Lest you think this has nothing to do with food, there's a magical cooking scene, far removed from the seedy backdrop of the rest of the movie, in which Sibel makes Turkish stuffed peppers for Cahit. You see her mixing the meat with the spices; carefully arranging the peppers in a pot; then mixing tomato paste and stock to make a sauce which she pours over the peppers. Cahit watches her, smiling, a cigarette dangling from his lips, and, for an instant, daring you to hope this movie will have a happy ending.

Wednesday, April 05, 2006

Turkey Stew

It's 30 degrees and snowing here in Milwaukee, you know. We had rain, hail and strong wind today, too. So I have no qualms posting about turkey stew in April. If the weather is ridiculous where you live, say the hell with spring and make this.

I browned 3 pounds of turkey thighs* in a skillet. Then I cooked a big onion, some finey chopped celery and mushrooms until nice and golden, and sprinked in some sage. (You could certainly do without the mushrooms, but mine looked sad and lonely in the back of the fridge when I reached for the celery.)

I put everything in a Dutch oven, tossed in a bay leaf or two and couple sprigs of parsley, poured 1.5-2 cups of chicken stock over the whole thing and brought it to a boil. Then I reduced the heat to low and let the whole thing bubble peacefully for an hour. (I like simmering better than roasting, baking, broiling, grilling, boiling or poaching. There's something very comforting and satisfying about those little bubbles that pop up on the surface.)

A tossed in some roughly chopped carrots and half a rutabaga, cut into chunks. (I confess that I never tried a rutabaga before I made this. Not a bad root vegetable; tastes like something between a potato and a sweet potato. When I heated up the leftover the next day, I couldn't even tell the rutabago from a potato.) Then I simmered the stew for 30 or 45 minutes.

The stroke of brilliance was to serve this with mashed potatoes and rutabagas. I had half a rutabaga left over and I had to put to proper use!

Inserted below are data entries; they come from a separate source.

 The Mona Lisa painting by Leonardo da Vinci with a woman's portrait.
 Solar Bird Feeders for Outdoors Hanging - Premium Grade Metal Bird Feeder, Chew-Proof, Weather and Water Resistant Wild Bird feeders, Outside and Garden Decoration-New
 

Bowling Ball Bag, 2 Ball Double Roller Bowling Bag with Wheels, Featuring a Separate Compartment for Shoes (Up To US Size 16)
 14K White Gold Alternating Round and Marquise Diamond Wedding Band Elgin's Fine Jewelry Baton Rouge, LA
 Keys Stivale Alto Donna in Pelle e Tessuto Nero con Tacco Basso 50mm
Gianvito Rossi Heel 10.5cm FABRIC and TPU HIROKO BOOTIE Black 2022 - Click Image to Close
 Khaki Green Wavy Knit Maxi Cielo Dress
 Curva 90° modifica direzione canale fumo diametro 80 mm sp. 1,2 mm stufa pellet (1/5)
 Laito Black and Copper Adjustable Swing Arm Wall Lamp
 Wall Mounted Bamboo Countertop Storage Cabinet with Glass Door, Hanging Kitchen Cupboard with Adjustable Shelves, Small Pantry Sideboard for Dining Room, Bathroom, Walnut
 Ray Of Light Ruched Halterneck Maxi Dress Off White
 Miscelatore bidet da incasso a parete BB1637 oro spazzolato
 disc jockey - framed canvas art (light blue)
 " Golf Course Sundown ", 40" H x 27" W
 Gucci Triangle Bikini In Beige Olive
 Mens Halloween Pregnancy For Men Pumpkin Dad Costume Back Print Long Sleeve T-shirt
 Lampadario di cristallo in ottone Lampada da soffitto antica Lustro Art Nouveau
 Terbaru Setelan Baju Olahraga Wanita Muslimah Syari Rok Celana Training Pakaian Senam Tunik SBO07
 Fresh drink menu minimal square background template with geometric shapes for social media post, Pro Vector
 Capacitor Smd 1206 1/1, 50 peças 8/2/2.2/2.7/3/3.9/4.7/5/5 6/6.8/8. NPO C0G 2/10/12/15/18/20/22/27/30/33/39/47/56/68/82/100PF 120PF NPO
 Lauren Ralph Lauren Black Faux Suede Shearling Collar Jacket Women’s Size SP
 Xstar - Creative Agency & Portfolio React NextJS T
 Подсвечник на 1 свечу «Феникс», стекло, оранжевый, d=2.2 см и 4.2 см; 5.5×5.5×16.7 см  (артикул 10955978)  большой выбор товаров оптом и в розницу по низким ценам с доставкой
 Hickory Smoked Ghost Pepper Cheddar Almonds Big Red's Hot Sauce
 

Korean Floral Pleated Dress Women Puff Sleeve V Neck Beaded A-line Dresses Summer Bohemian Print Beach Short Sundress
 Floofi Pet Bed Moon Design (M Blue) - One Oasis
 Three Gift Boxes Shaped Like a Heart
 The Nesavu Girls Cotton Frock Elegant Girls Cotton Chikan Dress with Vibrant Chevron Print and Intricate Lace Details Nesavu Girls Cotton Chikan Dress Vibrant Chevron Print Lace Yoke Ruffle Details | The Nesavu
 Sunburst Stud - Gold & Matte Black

I peeled and boiled the root vegetable until tender but not too soft--rutabagas will take longer to cook than the potatoes--drained, then mashed with melted butter, milk, salt and pepper.

*Turkey thighs are relatively cheap, flavorful and work well with root vegetables.

How to Make Tvorog (Farmer's Cheese)

Tvorog, a Russian dairy product, is known as farmer's cheese or curd cheese in the U.S. It's a cross between ricotta and cottage cheese, but doesn't really taste like either. Tvorog is immensely popular in Russia. It's eaten with jam and sour cream for breakfast, as a snack or as a light dinner, and is used in all sorts of sweet and savory baking. In America, you can sometimes buy tvorog in upscale or Eastern-European grocery stores, but it tends to be expensive.

Fortunately, it's easy to make tvorog at home. The process is a bit time consuming, but it requires almost no hands-on work. Here's what you do:

*In a soup pot, combine 1/2 gallon of milk (whole is best, but I've used low-fat and even skim without problems) with 2 cups of buttermilk. Do not use buttermilk containing sodium citrate! In Wisconsin, Kemps buttermilk is good and cheap.

*Place the milk/buttermilk mixture in a warm place until it develops the consistency of thick yogurt (a kitchen counter or the back burner of a stove work just fine). This will take about 24 hours. In the summer and in very warm homes, this may take only 12 hours.

*Place the pot containing the milk mixture over very, very low heat for about an hour. Choose the lowest setting on your stove. If you have a gas stove, use a flame tamer. Do not stir the milk.

*After about an hour, the milk will curdle, and the curds and whey will begin to separate. Take the milk off the heat.

*Let the milk cool for about 30 minutes. Line a sieve with a large piece of cheesecloth. Using a slotted spoon, carefully separate the curds (the thick, yogurt-y stuff) from the whey (yellowish liquid). Place the curds in the cheesecloth-lined sieve.

*The wet curds will look kind of gross, but don't worry. Soon enough you'll have fluffy, creamy tvorog.

*Gather the cheesecloth like a little bag, place the sieve over a bowl, and let the tvorog drain, preferably overnight, in the fridge.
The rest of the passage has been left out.